You can dine on fresh oysters from either coast at Clark’s. You can also drink free coffee from the carts at the base of all four ski resorts—Aspen Mountain, Buttermilk, Snowmass, and Aspen Highlands—or get an eight-dollar burrito from Big Wrap that’ll last you two meals.
You could sleep in a suite at the W for $800 a night, or you can bunk up for $79 with a bathroom down the hall at the St. Moritz Lodge. My point is: Aspen isn’t just for the rich and fur-clad. Real-life ski bums live and visit here, too.
When I go back—hopefully this winter—I can’t wait to ski until my quads quiver from nonstop runs down Deep Temerity at Aspen Highlands and hunt powder in the trees off Jackpot at Aspen Mountain.
But I also plan to live it up a little (within reason and budget, of course), like one should do in a ritzy town like this. Maybe have a glass of champagne at Cloud Nine Bistro, or truffle fries at the Ajax Tavern, or a spa treatment at the St.
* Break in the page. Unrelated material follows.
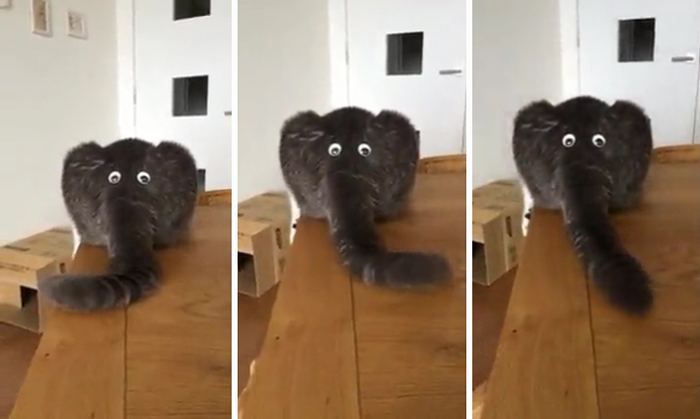 elephant-or-cat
Regis. We are surviving a pandemic, after all. We deserve it.
Aspen on the Cheap
The Ikon Pass gets you five to seven days at Aspen’s four mountains (you’ll need to upgrade the Base pass for an additional $150). Or get a Mountain Collective Pass for two days at Aspen’s resorts, plus two days at 22 other destinations.
Open until 2 a.m. from its upstairs perch in downtown Aspen, New York Pizza slings $5 slices to the late-night and budget-conscious crowd. Jumbo subs cost less than $10 at Grateful Deli, as does a bowl of steaming soup at Tiki Mana.
The Limelight Hotel Aspen just underwent a total remodel and is reopening in time for this winter. Or check out rooms at Mountain Chalet Aspen, an old-school spot two blocks from the gondola where you can get a bunk in a shared room from $59 a night.
It’s free to access the 90 kilometers of groomed trails operated by the Aspen Cross Country Center, and Nordic gear rentals start at $35. Take in some fine art with a free visit to the Aspen Art Museum.
You don’t need a car here. Town buses in Aspen are free and come at regular, on-time intervals. There’s also the Downtowner for free, on-demand transport in open-air electric vehicles.